Did the lights on mine recently but only used Rupes heavy cut (Blue) compund and their Blue wool pad, then finished with Rupes Finishing (White) and their White foam pad. Not sure if that combo was heavy enough to remove the UV coating but I haven’t used a ceramic or any other coating on the lens. Don’t know about those 986 Boxsters but the 997 headlights pop out with the special tool. That would save you time taping up but then you need to secure the lens while polishing. Swings & roundabouts I guess. Great job on them though. 👍🏾
You may well have gotten through that costing with a heavy cut pad and polish, but even if you haven't, you have managed to improve the clarity, and that's important.
I hadn't realised the lights could pop out here...that could have been useful, but as you said, it might be difficult to work on afterwards. Hmmmm!
Yeah, here you go. Same as the 997 & probably 987 too. ruclips.net/video/D65x8G1f6AI/видео.html I'll probably do the headlights again at some point TBH but go through the sanding stages you've done here as there were still quite a few deep scratches & marring the compound could'nt improve but I'll ceramic coat them after this time. Would Garage Therapy's Hades Wheel Ceramic do the job? Guessing it's a harder ceramic than what they have for bodywork?

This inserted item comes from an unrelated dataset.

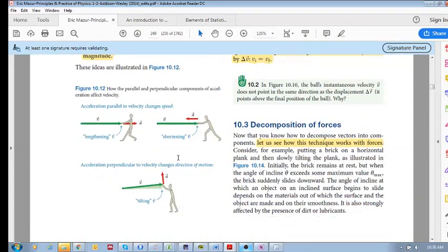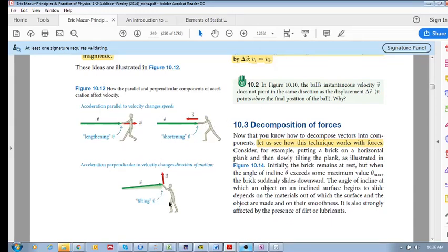So the acceleration vector can do two things to the velocity vector: it can lengthen it by pulling along the same axis, or shorten it by pushing along that same axis. Alternatively, it can change the direction of the velocity by accelerating it perpendicularly — so either pulling or pushing along the axis, or changing its direction.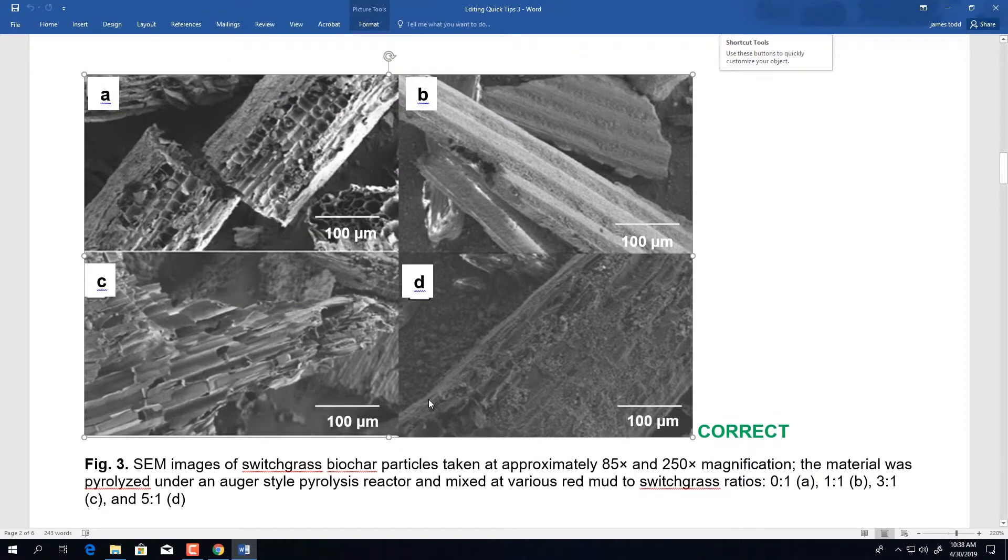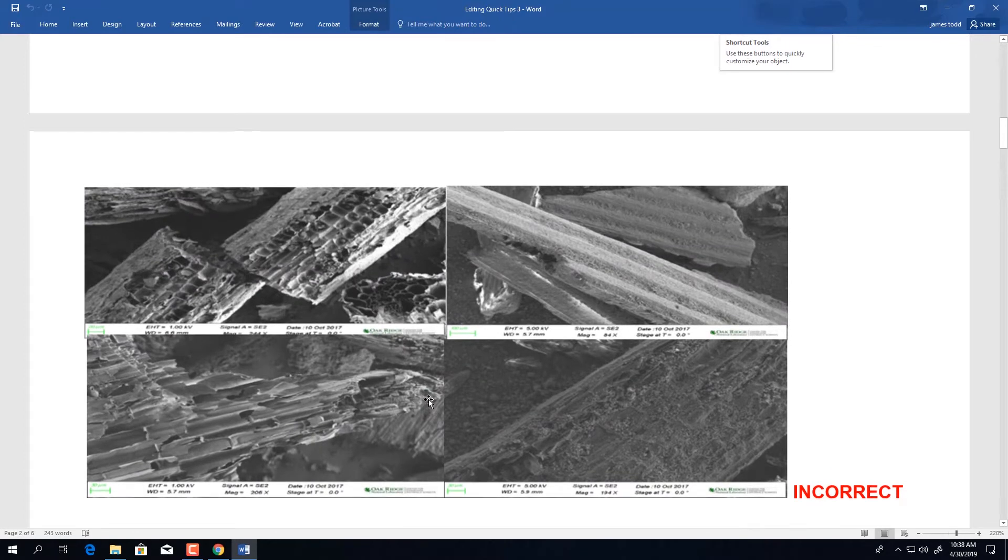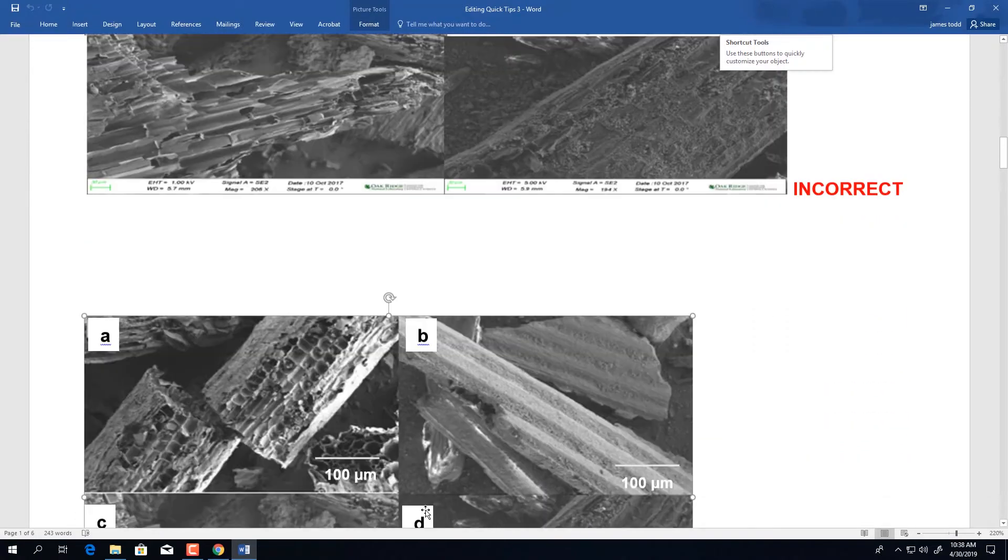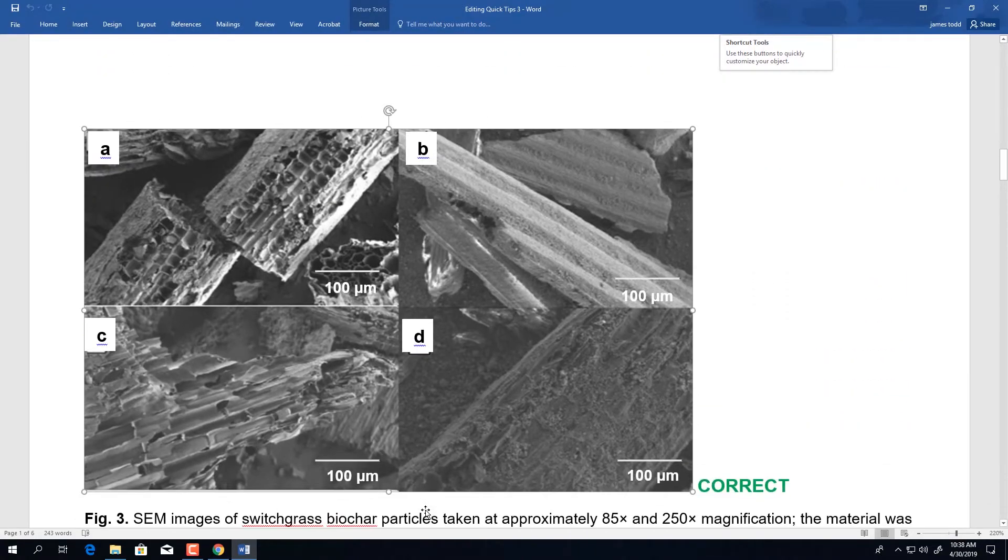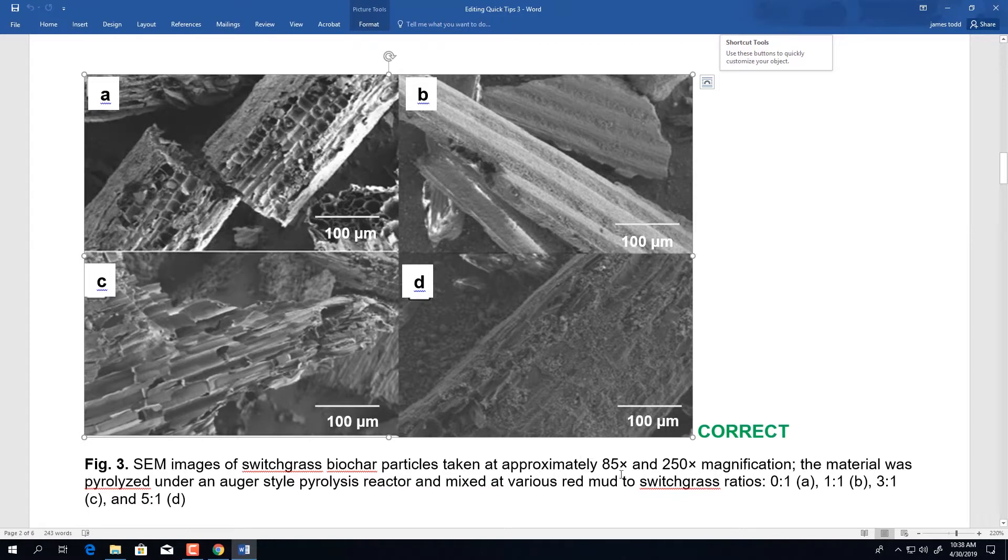Again, I'll quickly scroll through and show this image beforehand, which has the white bar of microscope information and the newly accepted image without the information and the correct information delineated in the figure caption.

Would I get away using a da6 on 5” backing?
Personally I wouldn't run that risk, I'd do it by hand rather than using the big discs. That's more for paintwork.
@@SuperchargedLlama appreciate that, what about the final polish? By hand again, can you fit a smaller backing plate on a das6? New to it all so trying to sponge as much info as possible
@@readyshreddygo4903 I reckon you could safely polish with the big pads, they're far less aggressive (you'd have a mare doing it by hand). Alternatively the polish pads you can attach to the drills can also help (they're 3").
@@SuperchargedLlama well my das 6 pro just arrived and it came with a 3” backing plate as an extra! So thats a winner
@@readyshreddygo4903 ah yes, that's the new one that is just like the DA8 I think, that'll work nicely!
Great video and really informative. Keep up the great work 😁
Thank you for the continued support darling.
Very impressive results and it's good to see the rotary getting a run out.
I really want to get to grips with the rotary. I think a scrap panel might be in order.
Good video darling lol
😘 you are welcome darling. Thanks for watching and letting me know you enjoy it.
Fan blooming tastic 😊
Thanks as always!
Interesting starting point. When I find lights like these with zero factory coating I always start with P800 grit and then 1000, 3000 polish seal.
However I find that starting with 1,000 on some manufacturers such as Toyotas that are in this type of condition would benefit. Sometimes even the light 800 grit sanding can be a bit tedious to remove fully and takes some time.
Agreed, that's particularly why I use the X-Cut discs on the 3" DA because it takes a lot of the physical effort out of it.
@@SuperchargedLlama Nice. I worked on an Avalon today and started with 1,000 grit. Worked great. I use hex pads from chemical guys. Pretty decent pads. I’ll have to look in to the one you mentioned some time.
Great video.
Thanks for watching and taking the time to let me know you enjoyed it. It's really motivating to get comments, good or bad, so I appreciate you taking the time.